Section 6.03 Written Report. On an ongoing basis, but not less often than annually, the Adviser shall provide a written report summarizing the considerations used for selecting brokers, dealers and other counterparties in the Adviser’s purchases and sales of portfolio investments and analysis regarding “best execution,” taking into account the Adviser’s best execution policy (provided that the Adviser shall not be required to weigh any particular factor on an equal basis), as well as any “soft dollar” or similar arrangements that the Adviser maintains with brokers or dealers that execute transactions for the Company, and of all research and other services provided to the Adviser by a broker or dealer (whether prepared by such broker or dealer or by a third party) as a result, in whole or in part, of the direction of transactions for the Company by the Adviser to the broker or dealer.

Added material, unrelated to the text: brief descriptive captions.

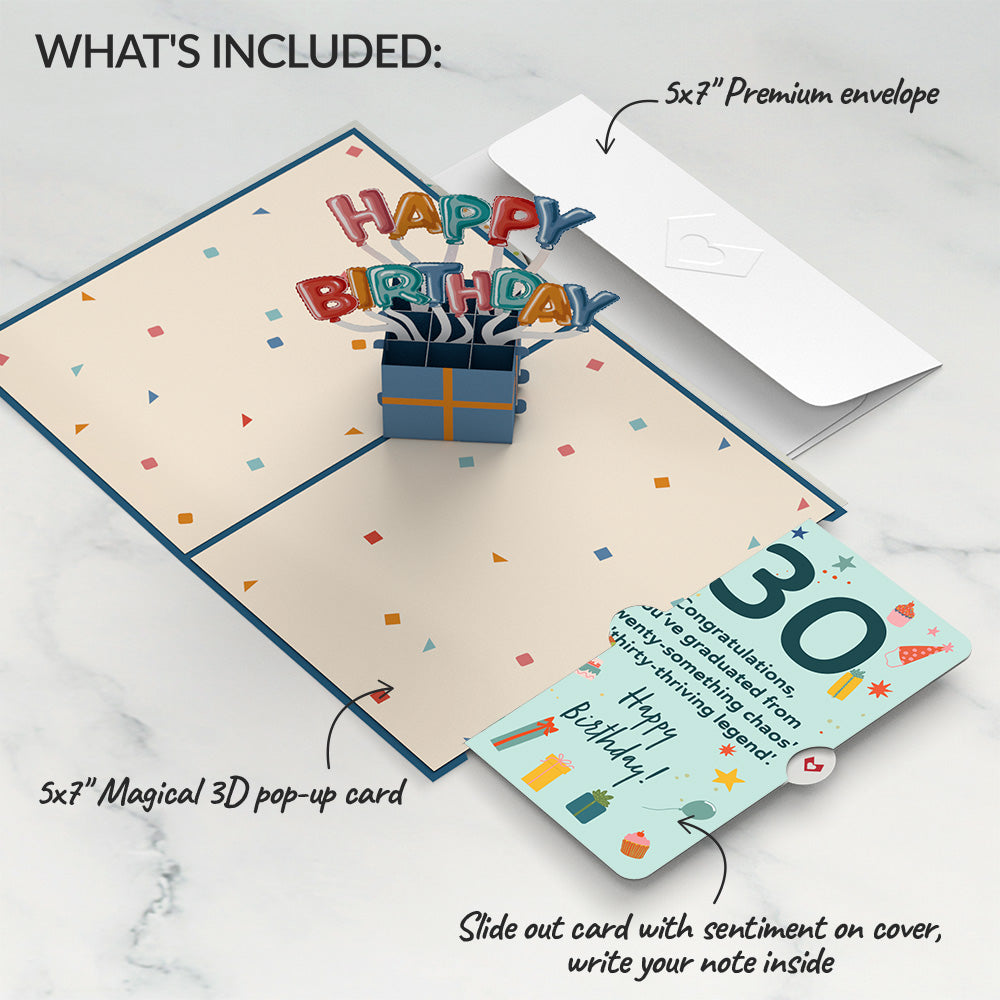 Happy 30th Birthday Burst Pop-Up Card and Sentiment Set、mySite、solidvoid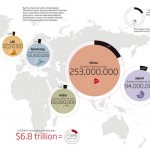 World Internet Traffic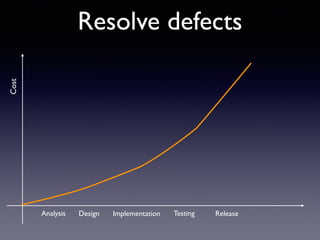 Cost
Analysis Design Implementation Testing Release
Resolve defects
 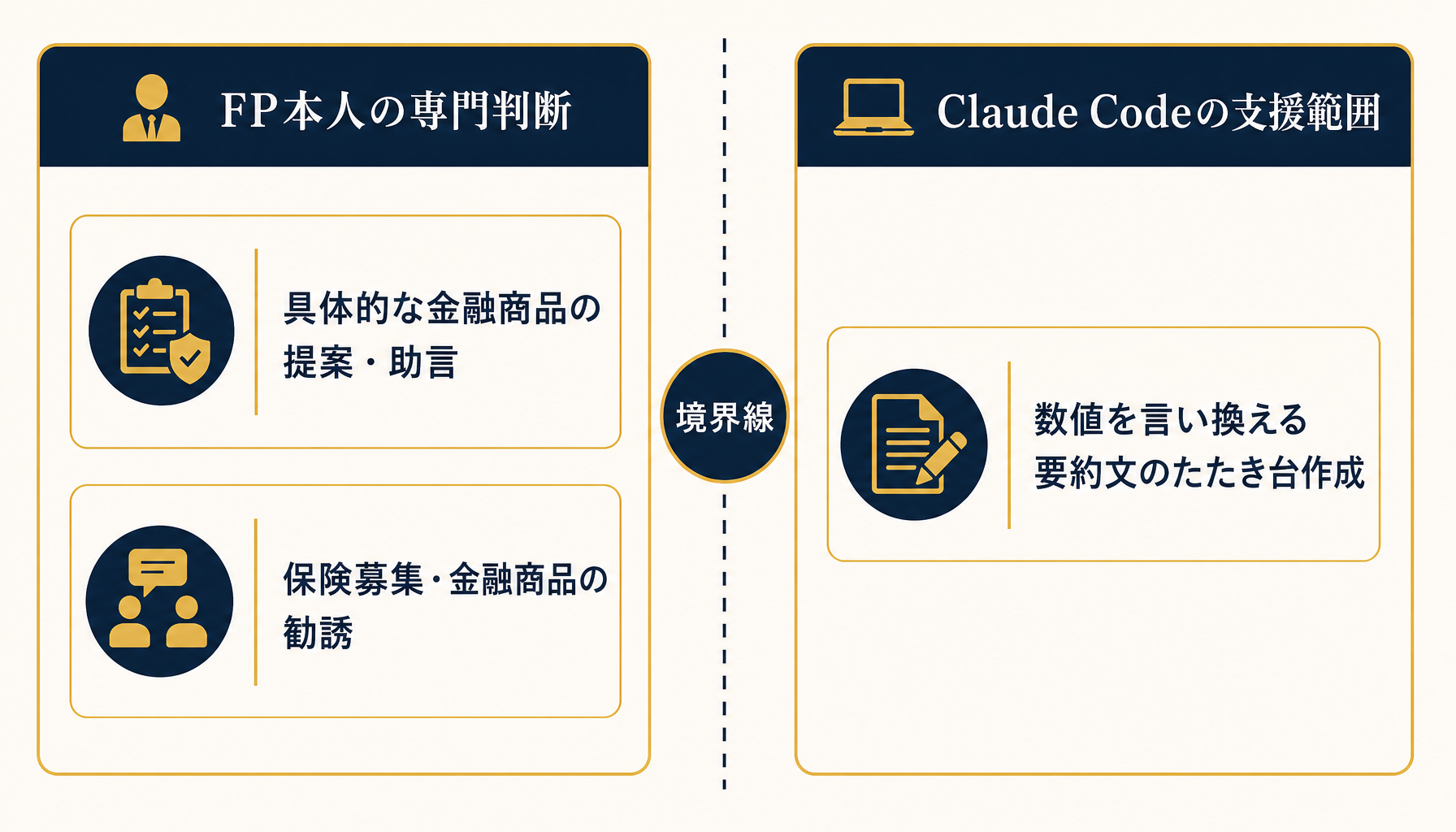 FPの専門判断とAI支援範囲の境界を示す図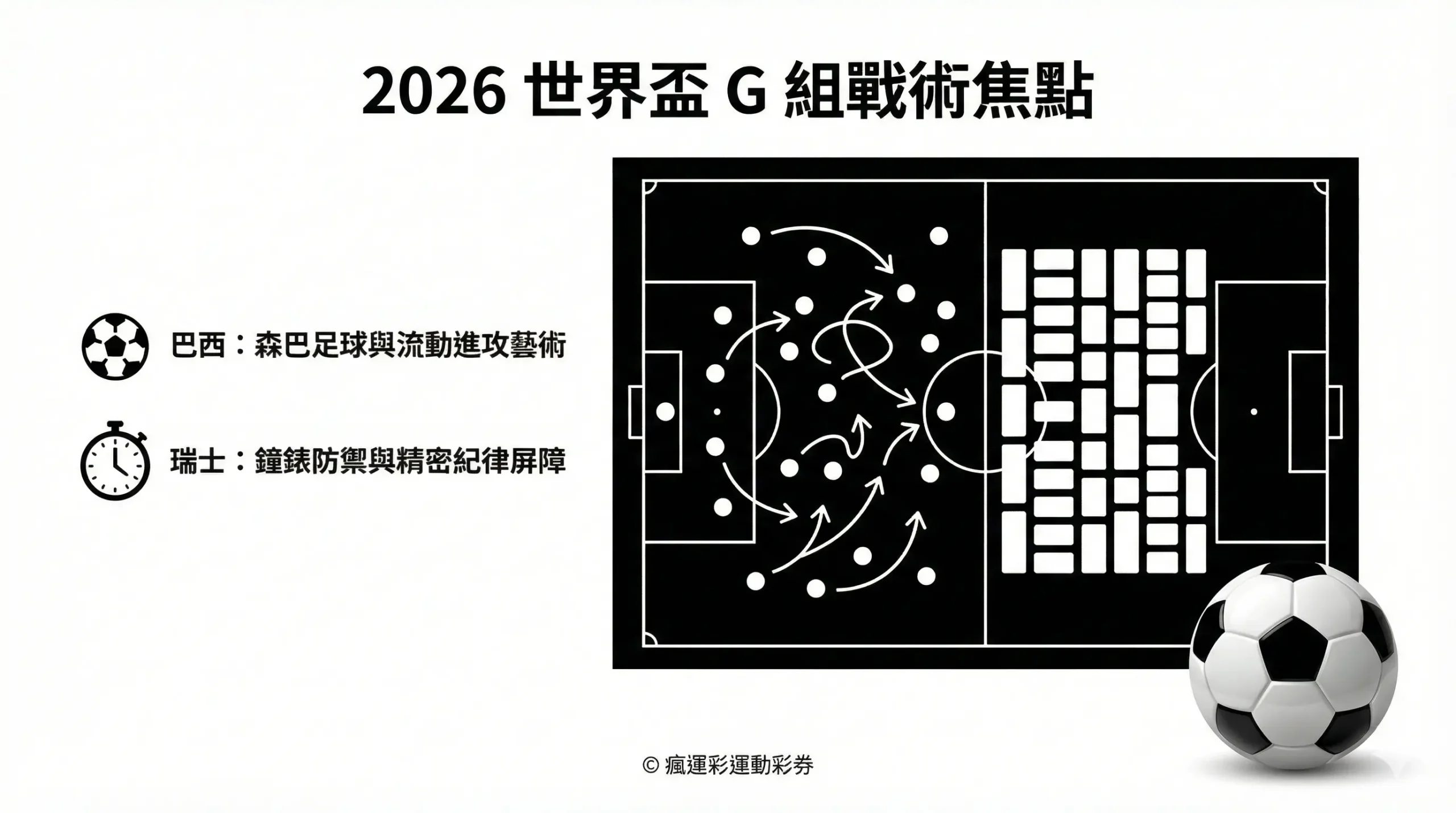 2026 世界盃 G 組戰術解析：巴西流動進攻藝術與瑞士精密紀律屏障觀察 - 瘋運彩官方旗艦店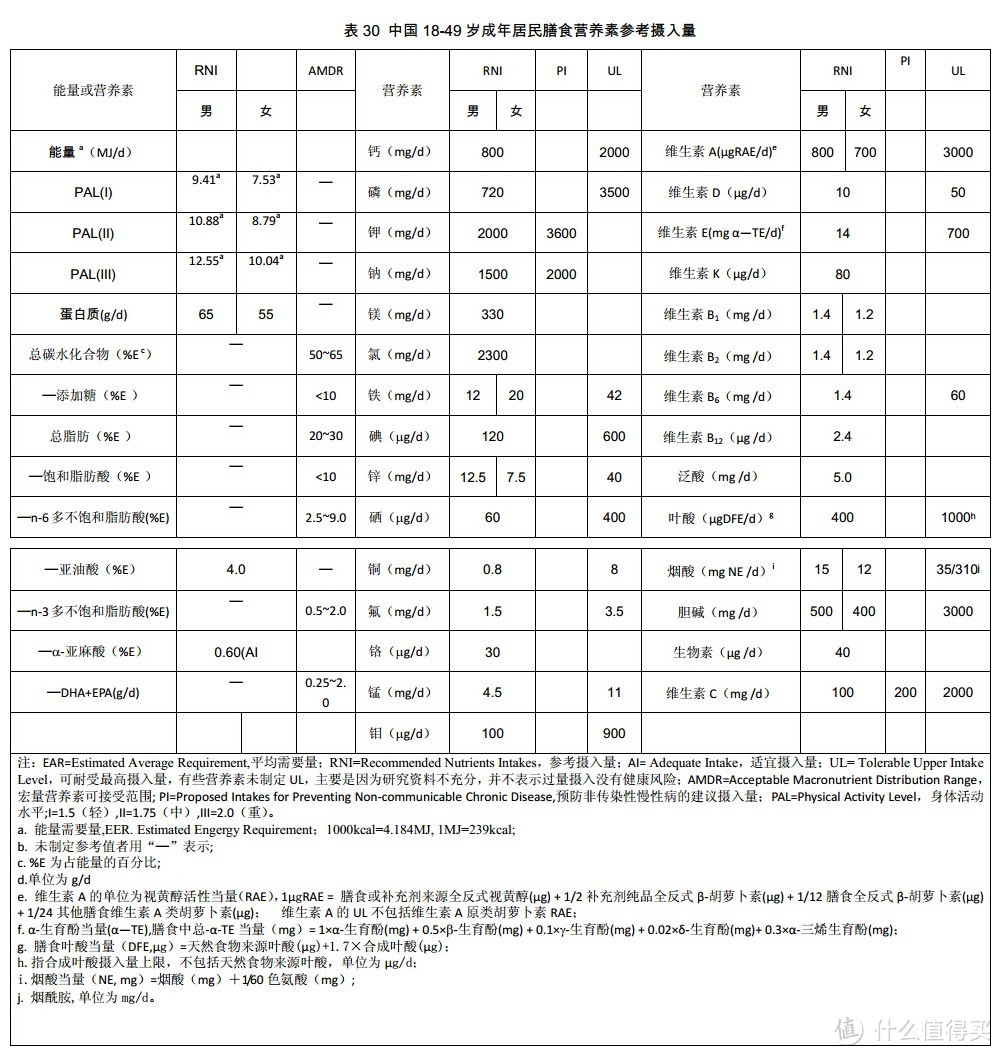 一步到位--美的M2智能净水器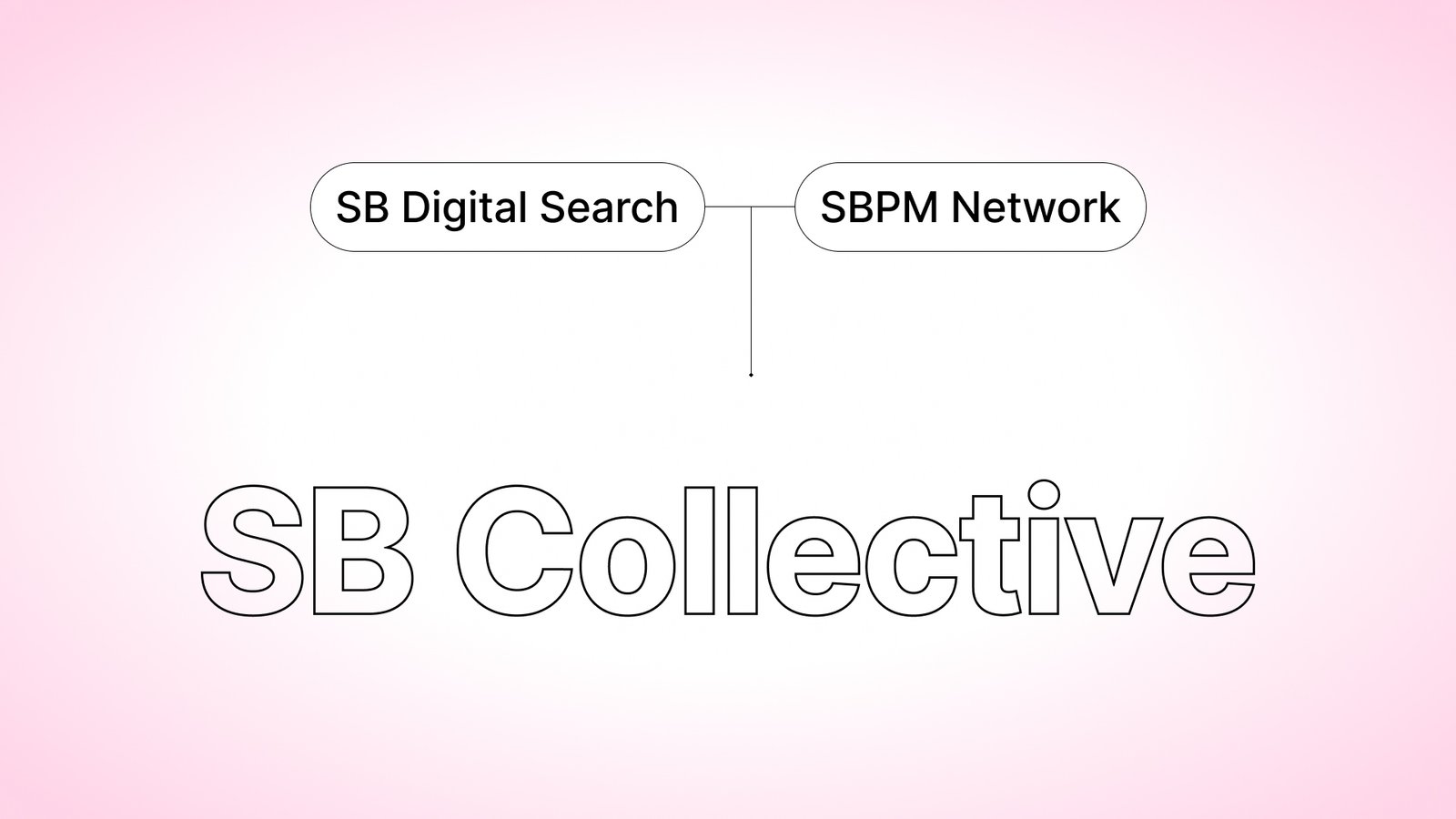SB Collective naming exploration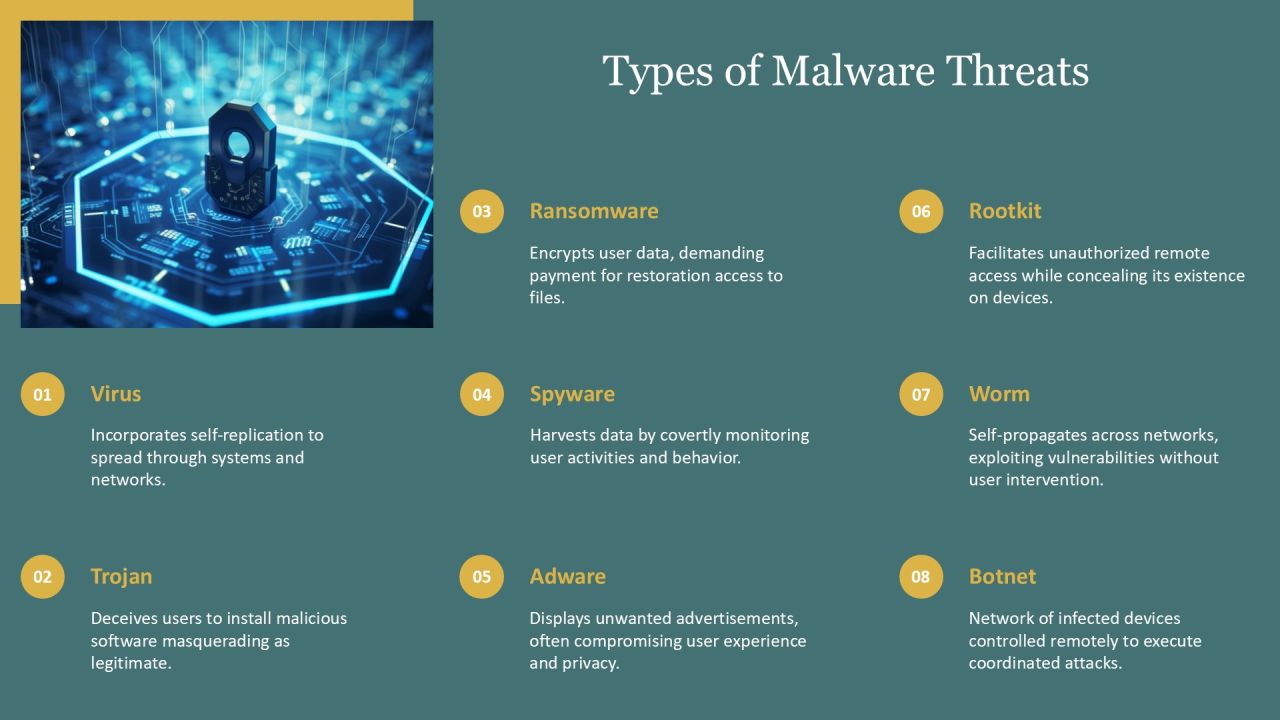 Advanced Techniques In Malware Analysis PPT Presentation AT Slide05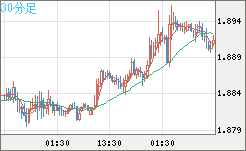 英ポンド/豪ドルチャート（GBP/AUD）30分足
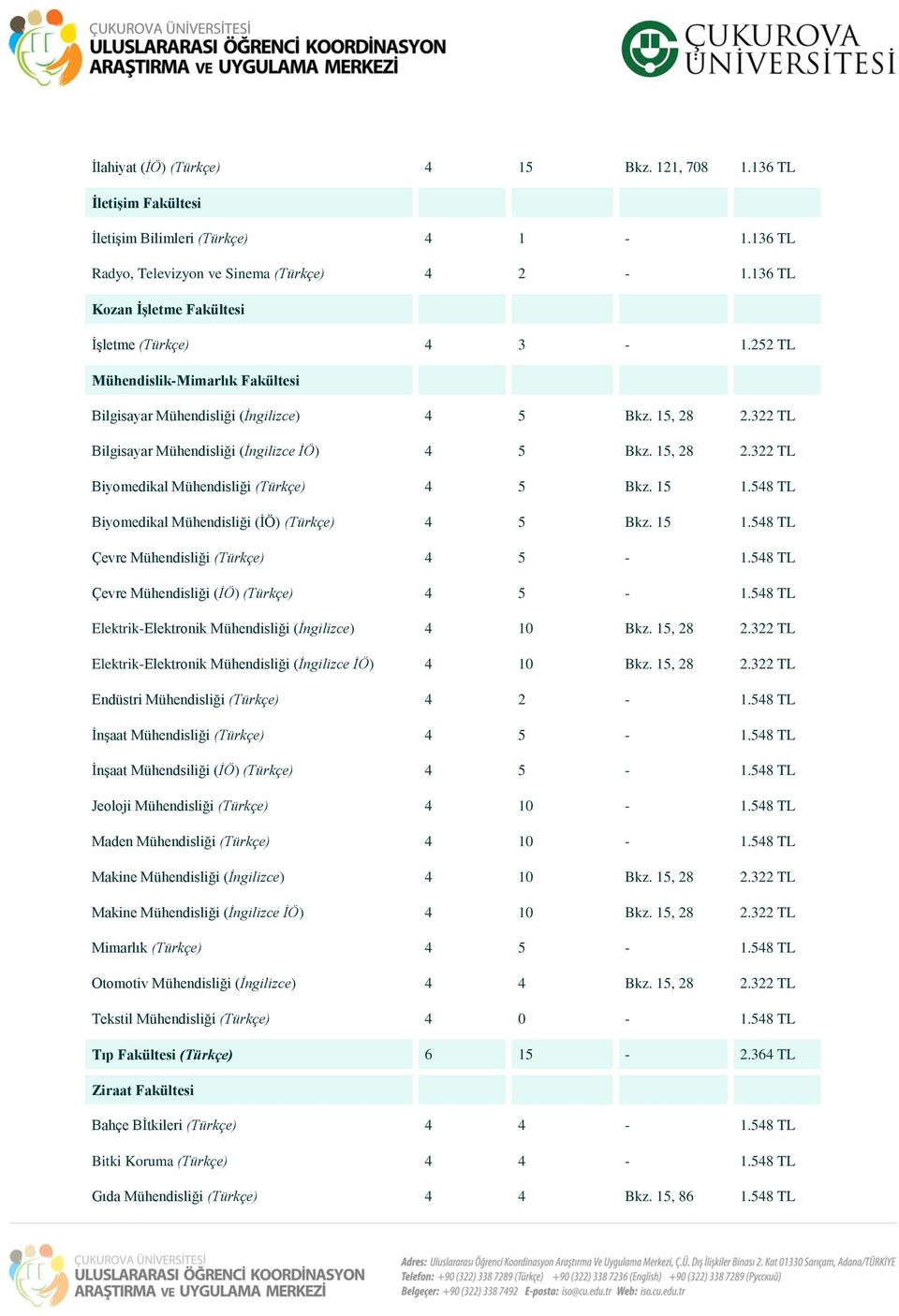 15, 28 2.322 TL Biyomedikal Mühendisliği (Türkçe) 4 5 Bkz. 15 1.548 TL Biyomedikal Mühendisliği (İÖ) (Türkçe) 4 5 Bkz. 15 1.548 TL Çevre Mühendisliği (Türkçe) 4 5-1.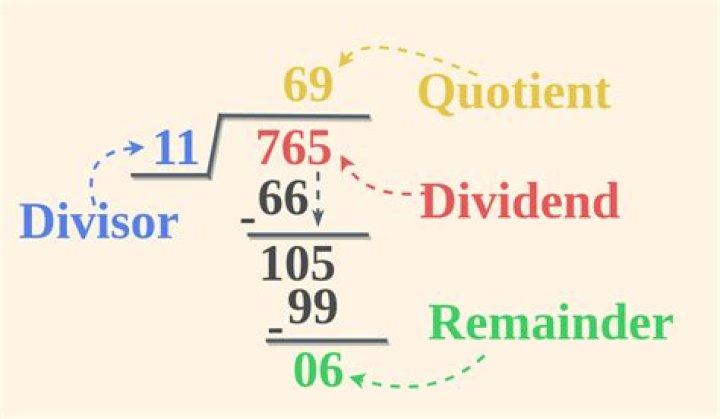 Why is divide a noun?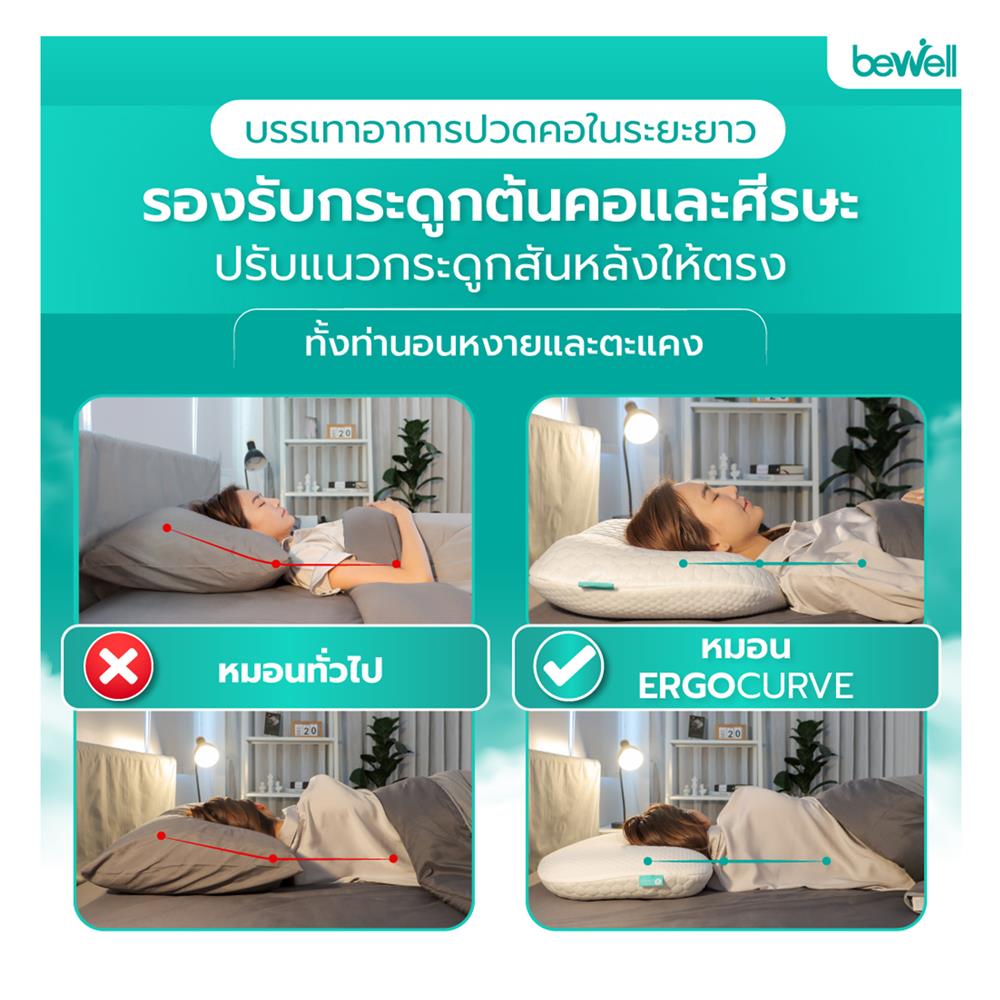 หมอนสุขภาพ เมมโมรี่โฟม BEWELL SWE-07 ไซซ์ M สี WHITE
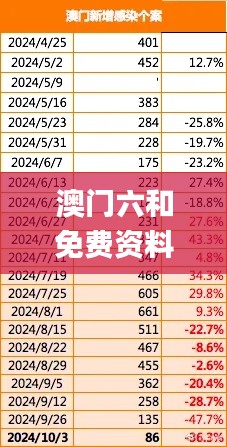 澳门六和免费资料查询,数据分析决策_Superior2.244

Section 6.04 Right to Aggregate. On occasions when the Adviser or its affiliates deems the purchase or sale of a security to be in the best interests of the Company as well as other clients of the Adviser or its affiliates, as applicable, the Adviser or its affiliates, to the extent permitted by applicable laws and regulations (including without limitation any applicable exemptive orders or SEC guidance) and subject to the trade allocation procedures approved by the Board, may, but shall be under no obligation to, aggregate the securities to be sold or purchased. In such event, allocation of securities so sold or purchased, as well as the expenses incurred in the transaction, will be made by the Adviser in accordance with the approved procedures.
Section 6.05 Commissions. The Adviser shall render reports to the Board as requested regarding commissions generated as a result of trades executed by the Adviser for the Company, as well as information regarding third-party services, if any, received by the Adviser as a result of trading activity relating to the Company with brokers and dealers.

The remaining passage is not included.